Introduction (pages 11-14) summarizes the planning process, for folks who may not have been able to take part, this may be of interest.

·         Existing conditions (pages 15-31) covers statistics about the community, inclusive of spatial analysis (maps), including things like utilities, tree  cover, crime, and transportation options.

·         Physical Development- Neighborhood (pages 33- 38) makes recommendations for the physical development of the neighborhood area (the plan splits the area into neighborhood, corridor, and industrial).  It speaks a lot about land use, zoning, jurisdictional boundaries, and options for pursuing different types of zoning moving forward. 
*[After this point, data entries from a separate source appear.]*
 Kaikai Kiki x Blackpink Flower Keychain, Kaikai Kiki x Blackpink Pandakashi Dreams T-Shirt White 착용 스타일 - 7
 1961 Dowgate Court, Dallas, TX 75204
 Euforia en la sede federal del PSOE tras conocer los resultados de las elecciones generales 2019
·         Physical Development – Corridor (pages 40-47) makes recommendations for the physical development of the corridor area along Rosewood itself.  It discusses preferred building types, uses, and streetscapes

·         Physical Development – Industrial (pages  49-54) makes recommendations for the industrial area (the area in proximity to Owens Field), and references the redevelopment recommended in the Columbia Owens Master Plan (an older plan for the area), as well as physical and economic development-related recommendations for the area.

·         Physical Development – Transportation (pages 56- 64) discusses streets, speeds, and bicycle and pedestrian planning options.  We’ll be going over the updated recommendations for bicycle and pedestrian treatments tomorrow when discussing the Walk Bike Columbia Plan ( 

·         Physical Development- Sustainability (pages 66-69) makes some general recommendations to improve sustainability throughout the Rosewood area

·         Physical Development- Implementation (pages 72-82) lists the implementation strategies, actions needed, and timing.

·         Community Input (pages 84-96) reviews the items discussed at public meetings, etc.

·         Maps & Charts (pages 99-132) includes the maps used throughout the process, shown at a larger scale (11×17) for clarity.  Page 108 shows the neighborhood/corridor delineation.

·         Survey (pages 133-147) provides the survey questionnaire, as well as a summary of answers received.